市環境局が入る吉野川市役所

 2025年度から、ごみ焼却を単独処理に転換する方針を明らかにした吉野川市は、新しい焼却施設の建設候補地を、市内の自治会や土地所有者から公募する。地域の理解を得ながら事業を進めるとともに、ごみ行政への関心を高めてもらうのが狙い。

 市環境局によると、近年は候補地選定に公募制を導入する自治体が増えている。情報をオープンにして事業の透明性を高めることで、用地交渉や建設が進めやすくなる点に着目。市は、選定段階から住民との合意形成を図るため、候補地を募ることにした。

 新施設は1日約40トンのごみを焼却。
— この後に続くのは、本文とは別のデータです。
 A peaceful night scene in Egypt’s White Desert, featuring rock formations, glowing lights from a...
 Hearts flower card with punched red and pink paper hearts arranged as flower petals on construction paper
最新の公害防止技術を導入するほか、周囲の景観と調和したデザインにする。環境学習の場としても活用するという。

 応募条件は▽おおむね8千平方メートル以上の土地▽ライフラインや車両の進入路が確保できる▽自治会の場合は内部で合意形成が図られている-など。回覧板や広報誌で住民に周知し、9日から10月9日まで受け付ける。

 提案のあった建設候補地は、市側が探す候補地とともに選定委員会で絞り込み、市の検討会議で本年度中に最終候補地を決める予定。25年8月からの稼働を目指す。

 市環境局は「ごみ処理施設は『迷惑施設』ではなく、循環型社会の形成に必要な施設という認識を高めていきたい」としている。問い合わせは同局<電0883(22)2230>。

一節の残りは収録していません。